With respect to model evaluation (see Sect. 5) we summarize the following findings. Looking into the spatial representation of precipitation events (see Fig. 5), we found that cpRCMs perform well in reproducing hotspots of heavy precipitation, which are generally associated with orographic features. At the same time though, cpRCMs appear to overestimate the occurrence of precipitation events over orography. However, the under-catchment of orographic precipitation in radar-based and rain gauge observations (Creutin et al. 1997; La Barbera et al. 2002; Prein and Gobiet 2017d; Germann et al. 2022) suggests that cpRCMs perform better than it seems. The idea of cpRCMs outperforming observations in complex terrain, particularly in terms of total precipitation amounts, is strongly supported in Lundquist et al. (2019). In contrast to this, we found the occurrence of precipitation events underestimated over plain terrain and ahead of orographic features, particularly in summer. The same model behaviour was found by Prein et al. (2017a) for North America, where the occurrence frequency of MCSs was underestimated in the central plains but overestimated over the Appalachians. We here assume that, despite of the convection-permitting resolution, complex thunderstorms (e.g. supercells or squall lines) in plain terrain are either not triggered or their dynamics still under-resolved (see also Bryan and Morrison (2012), Pichelli et al. (2017), Prein et al. (2021)). Moreover, the correct prescription of sea surface temperatures is crucial for the intensity and evolution of characteristic landfalling Mediterranean heavy precipitation events (Lebeaupin et al. 2006). Looking into the seasonal representation of precipitation events, we find that cpRCMs overestimate the occurrence of tracks and associated precipitation amounts particularly in late spring (AMJ), and also in fall. In late summer months (JAS) the domain-wide occurrence appears estimated well, as the overestimation in regions over 1000 m.a.s.l. is compensated by the underestimation in regions below 1000 m.a.s.l..

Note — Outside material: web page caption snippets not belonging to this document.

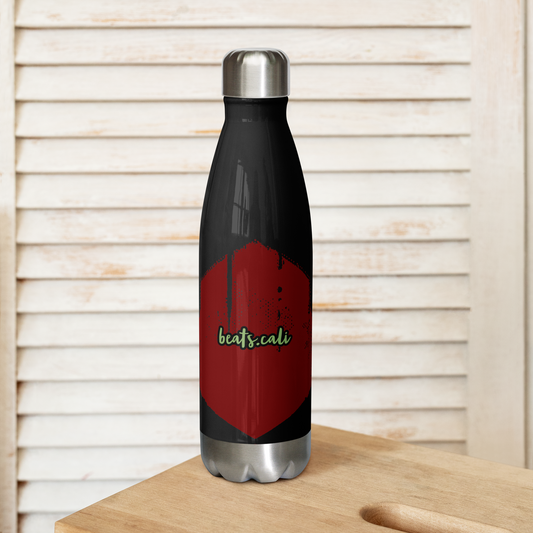  the Beats.Cali 17-ounce stainless steel water bottle, your perfect companion for daily hydration needs. Crafted with high-grade stainless steel and featuring a double-walled design, this bottle keeps your beverages hot or cold for hours. Its odourless and leak-proof cap ensures worry-free use on the go.
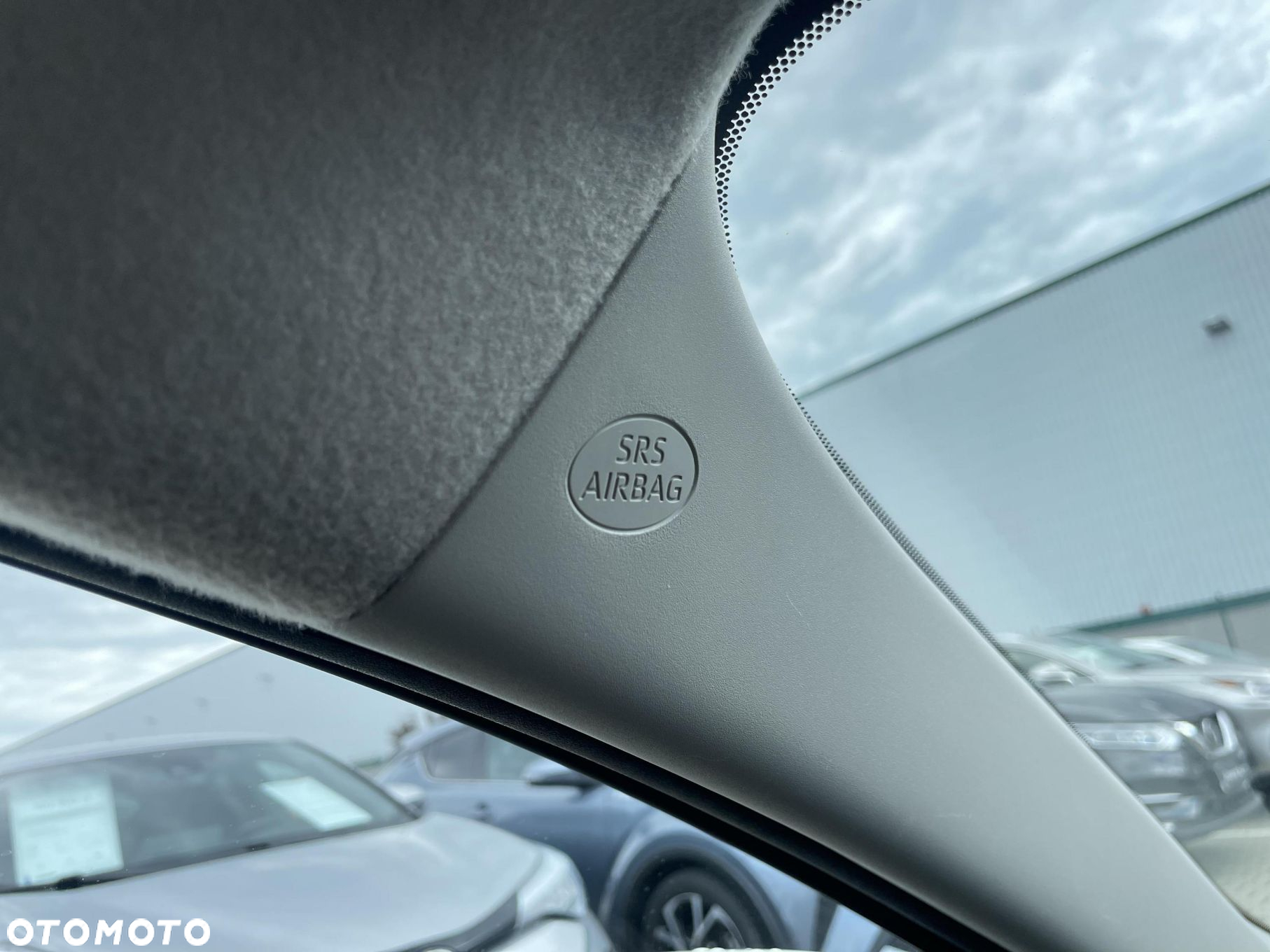 Toyota Yaris - 25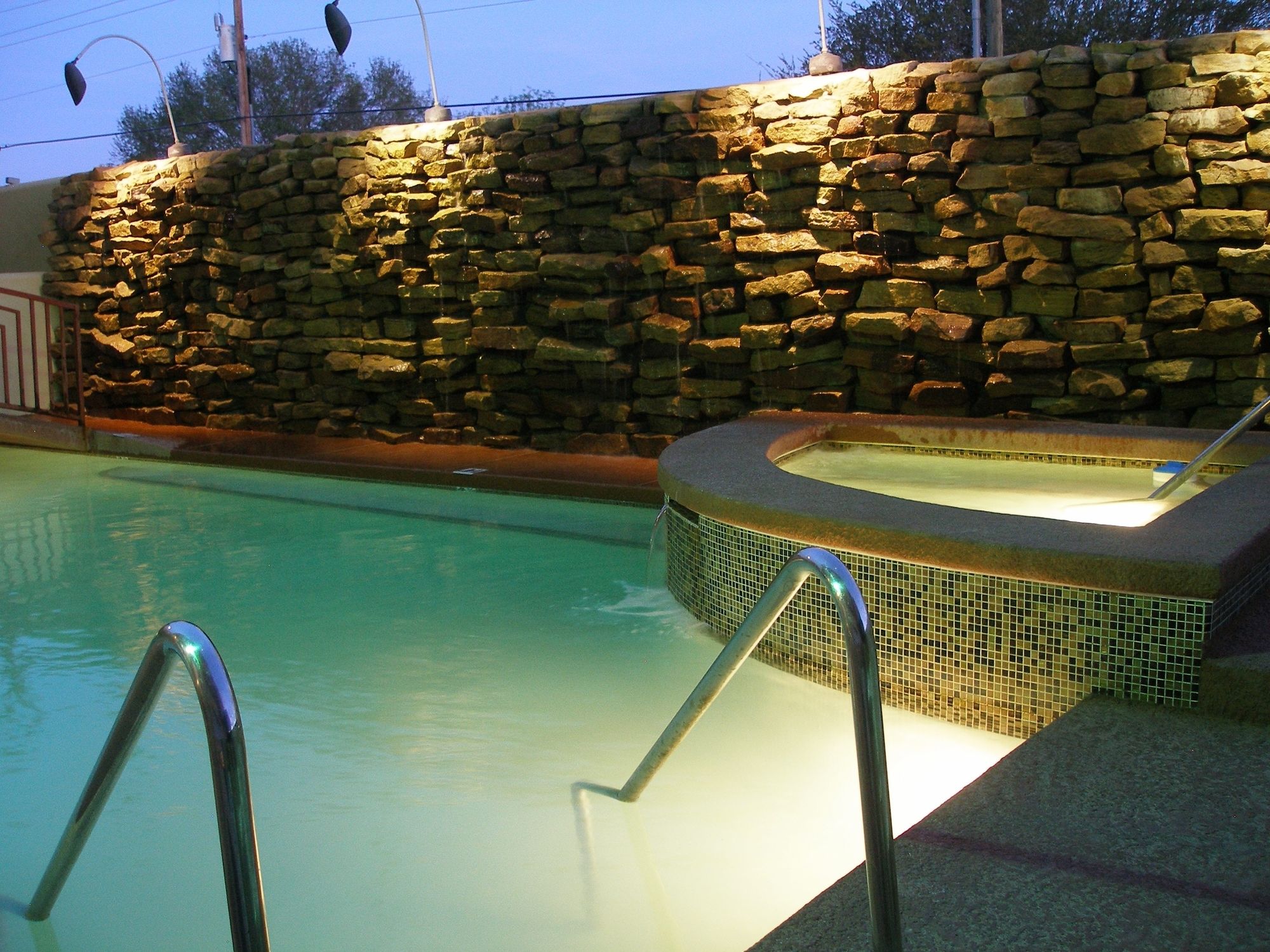 Amerik Suites Behind Mall Del Norte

In terms of characteristic properties of precipitation events we found the following biases (listed in Table 10 and illustrated in Fig. 6) and give reference to tracker studies using convection-permitting models. The occurrence frequency of events is overestimated with respect to radar-based observations (in line with Clark et al. (2014), Prein et al. (2017a), Caillaud et al. (2021)) and under-estimated over Italy, although the models spread is large around this property. The mean area of tracks is underestimated (in line with (Crook et al. 2019), but in contrast to Caillaud et al. (2021)), while their duration is overestimated (in line with Crook et al. (2019), Purr et al. (2019)). Still, we have identified that both of these biases are particularly pronounced over Italy. In turn, the cpRCMs agree much better with the radar-based observational datasets in terms of track area and duration. The tracks’ space-time volume, that is the combination of area and duration, as well as the rain volume, are overestimated. However, we here find considerable impact by the differing representation of landfalling tracks in models and observations, and excluding a major part of the coastline (the Italian sub-region) reduces the biases much. Mean precipitation rates show only small positive biases, with cpRCMs aligning again even better with radar-based observations. Maximum precipitation rate is overestimated in models and here again biases are much reduced when using radar-based observations as benchmark (in line with (Davis et al. 2006b; Prein et al. 2017a; Crook et al. 2019; Caillaud et al. 2021). Still we find that cpRCMs simulate precipitation events of scales and intensities that are not seen in observations, which means an overestimation of extreme event properties. Overall, the results on cpRCM evaluation are encouraging. On the one hand the (mostly) positive biases we find are to be expected, when assuming underestimated precipitation amounts in observations in a region of such complex orography. On the other hand we find that biases of the spatio-temporal properties of precipitation events in cpRCMs appear much reduced when using high-resolution observational datasets, based upon Doppler radar measurements.